Center of mass control of liquid tanks for spacecraft use

Abstract

A rigid structure propellant management device (PMD) liquid storage tank includes an outer shell and internal structures inside the outer shell that include a plurality of vertical columns each made up of a stack of individual storage cells. Each of the storage cells has solid vertical sidewalls and top and bottom capillary windows that allow vertical liquid transfer between adjacent cells in a vertical column. The top and bottom capillary windows in each of the storage cells have permeabilities that result in a selected direction of liquid flow in each column. A piping and valve system may be connected to the top capillary window of a top storage cell and to the bottom capillary window of a bottom storage cell of each vertical column, configured to allow controlled liquid transfer between adjacent vertical columns so that locations of empty cells in the tank as liquid is drawn from the tank achieves a selected column by column drainage sequence and controls a center of mass of the tank.

Claims

1. A rigid structure propellant management device (PMD) liquid storage tank comprising: an outer shell; internal structures inside the outer shell comprising a plurality of vertical columns each comprising a stack of individual storage cells, wherein each of the storage cells comprises solid vertical sidewalls and top and bottom capillary windows that allow vertical liquid transfer between adjacent cells in a vertical column, the top and bottom capillary windows in each of the storage cells having permeabilities that result in a selected direction of liquid flow in each column; and a piping and valve system connected to the top capillary window of a top storage cell and to the bottom capillary window of a bottom storage cell of each vertical column, the piping and valve system being configured to allow controlled liquid transfer between adjacent vertical columns; wherein the piping and valve system, and the top capillary window of the top storage cell and the bottom capillary window of the bottom storage cell of each vertical column, are configured and arranged to control locations of empty cells in the tank as liquid is drawn from the tank to achieve a selected column by column drainage sequence and to control a center of mass of the tank.

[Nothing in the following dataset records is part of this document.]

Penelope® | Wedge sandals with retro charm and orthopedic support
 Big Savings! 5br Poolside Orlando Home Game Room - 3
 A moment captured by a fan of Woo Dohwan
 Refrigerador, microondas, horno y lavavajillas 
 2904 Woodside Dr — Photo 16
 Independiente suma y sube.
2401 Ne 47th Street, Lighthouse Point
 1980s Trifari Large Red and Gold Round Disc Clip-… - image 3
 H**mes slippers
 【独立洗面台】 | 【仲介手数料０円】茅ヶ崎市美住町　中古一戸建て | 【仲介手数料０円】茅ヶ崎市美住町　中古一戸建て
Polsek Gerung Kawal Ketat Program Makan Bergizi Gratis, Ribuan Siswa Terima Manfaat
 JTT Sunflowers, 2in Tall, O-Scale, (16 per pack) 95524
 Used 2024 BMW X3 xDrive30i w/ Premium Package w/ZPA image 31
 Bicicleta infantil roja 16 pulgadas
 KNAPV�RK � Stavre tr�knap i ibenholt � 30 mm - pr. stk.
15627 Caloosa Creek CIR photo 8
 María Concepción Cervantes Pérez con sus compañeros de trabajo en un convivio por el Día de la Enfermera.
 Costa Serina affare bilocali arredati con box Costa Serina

2. The rigid structure PMD liquid storage tank of claim 1, wherein the outer shell and internal structures are metal or plastic structures.

3. The rigid structure PMD liquid storage tank of claim 1, wherein the capillary windows comprise woven screens or holes that are capillary wetted by the liquid.

4. The rigid structure PMD liquid storage tank of claim 1, wherein the vertical columns of storage cells have separate walls.

5. The rigid structure PMD liquid storage tank of claim 1, wherein the vertical columns of storage cells share a common wall.

6. The rigid structure PMD liquid storage tank of claim 1, wherein the storage cells in each vertical column have cross-sectional shapes that are circular, hexagonal, or truncated circular sectors.

7. The rigid structure PMD liquid storage tank of claim 1, wherein the vertical columns of storage cells are supported by a plurality of bulkheads that are attached to the outer shell of the storage tank.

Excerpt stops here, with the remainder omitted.